Consider them swapped... and we'll figure the details out over a cold one in the spring... when you come up to go fishing, and my carving shop is re-opened.


----------



## Bow Hunter Brandon (Jan 15, 2003)

SafetyMan,
I cant help but notice that the foam you have in your buffie pictures is white but you mentioned blue or pink. Any difference or were they just out of the pink


----------



## duckman3.5 (Aug 22, 2002)

SafetyMan said:


> Hmmmmm.....
> 
> I'm SURE we can come up with something
> 
> Consider them swapped... and we'll figure the details out over a cold one in the spring... when you come up to go fishing, and my carving shop is re-opened.

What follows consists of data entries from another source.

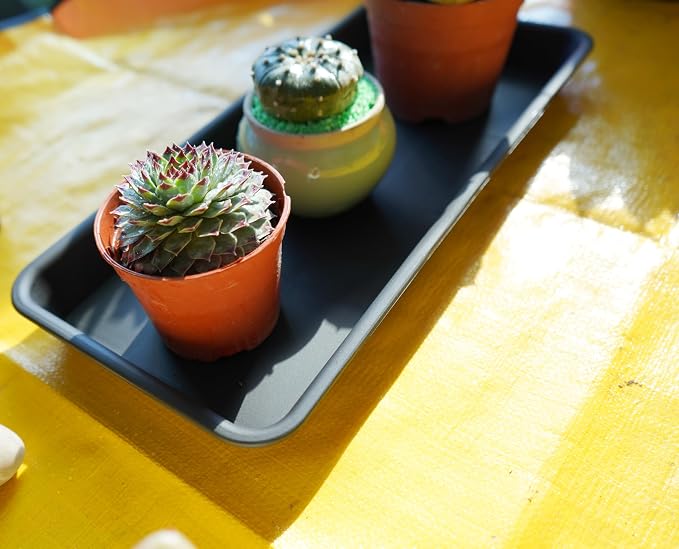 VUWEZ 2 Pack of Plastic Plant Tray Saucer Rectangular 16 inch, Plant Trays Saucers for Indoors Outdoor, Plant Water Drip Tray for Flower Pot Planter, Windowsill Plant Tray (7.0 X 16.1'', Black)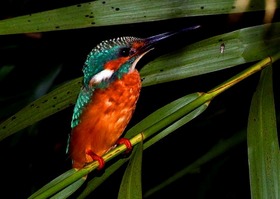 コタキナバルのリバーサファリでは鳥達も見れます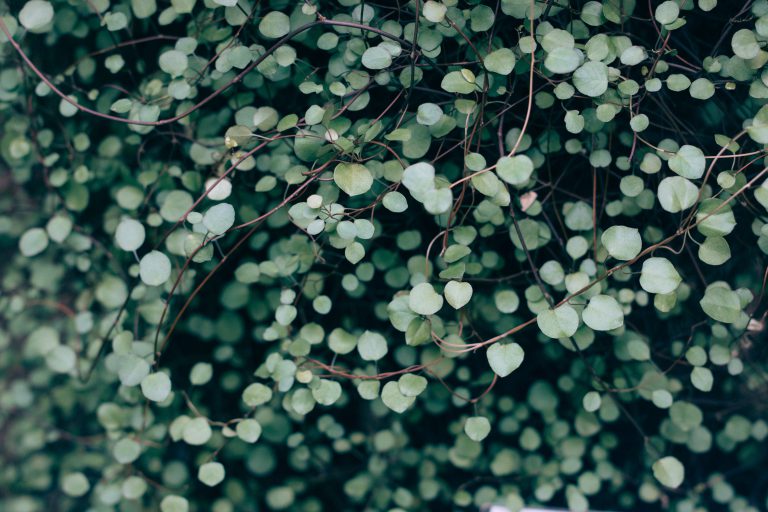 Vadim l mgfuataqnk unsplash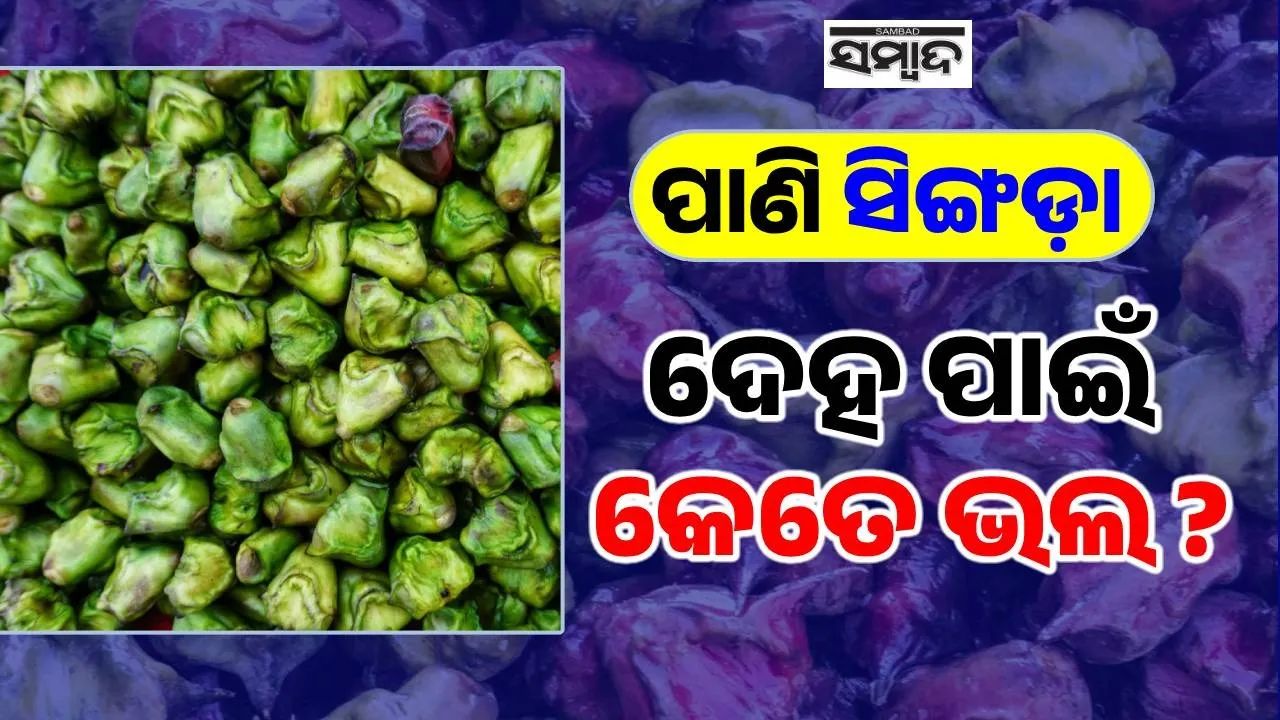  water chestnut Photograph: (sambad.in) 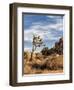 USA, California, Joshua Tree National Park. Joshua Trees in Mojave Desert-Ann Collins-Framed Photographic Print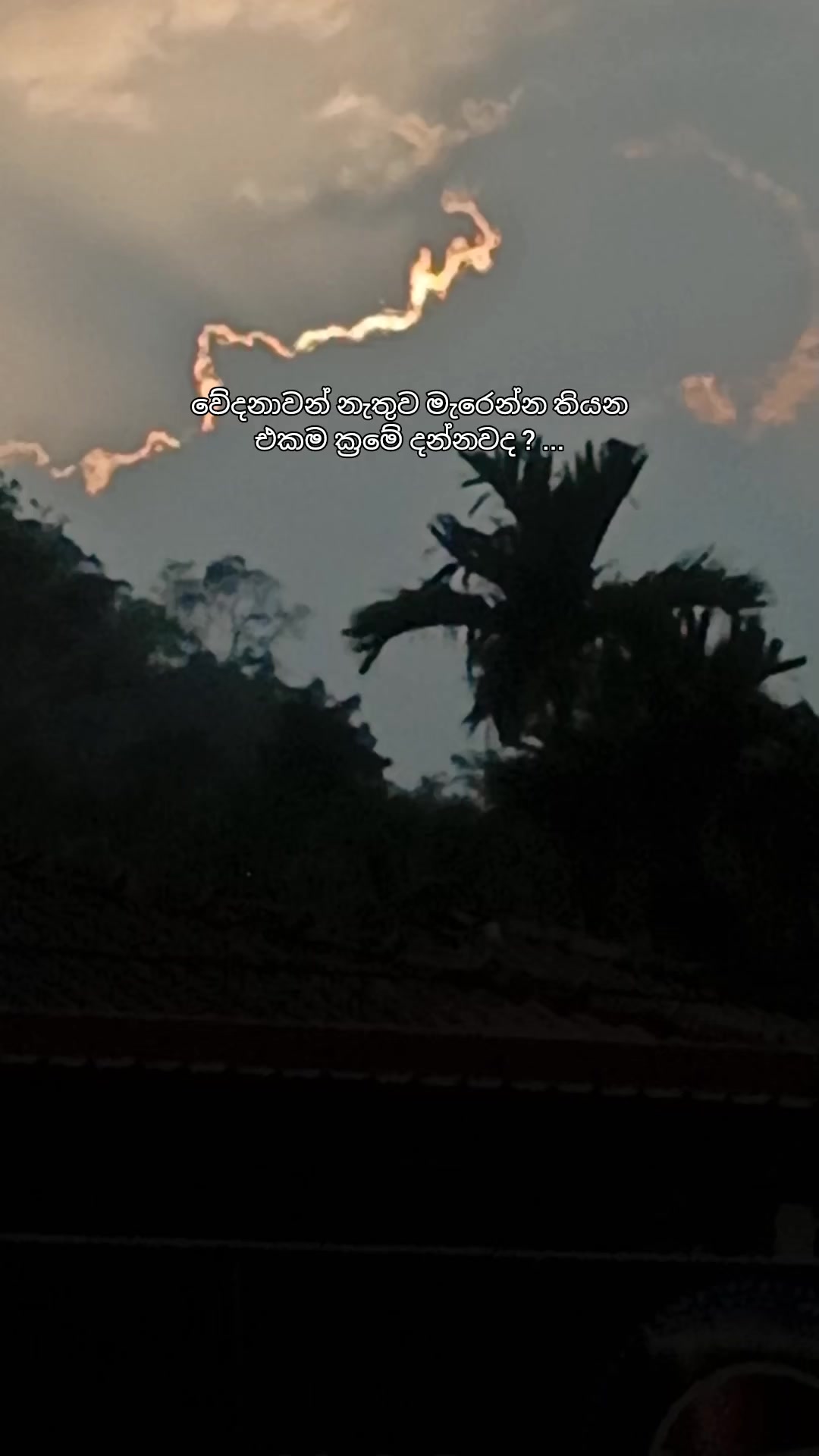 @S H E ⚡' Y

Sounds like a plan.....what's up with OK????


----------



## LilyDuck (Dec 29, 2004)

I went to the other site to check out the in-depth details...Was wondering is this burlaped covered foam is durable...Will it take a season or two...Want to do my own and was planning on using wood, but this looks a little easier to start off with...I'm a big furniture hobbiest love working with oak...I know that you can make decoys way to hard of wood though...This just looks like you would be able to get a shape a lot easier...Thanks


----------



## duckman3.5 (Aug 22, 2002)

LilyDuck,
The foamers should last a good long while, they are pretty durable. If they get damaged just repair em'. A little paint now and then maybe a burlap patch.....your good to go.


----------



## SafetyMan (Apr 13, 2001)

Bow Hunter Brandon said:


> SafetyMan,
> I cant help but notice that the foam you have in your buffie pictures is white but you mentioned blue or pink. Any difference or were they just out of the pink


They'll all work the same.

the blue or pink might be a bit more durable...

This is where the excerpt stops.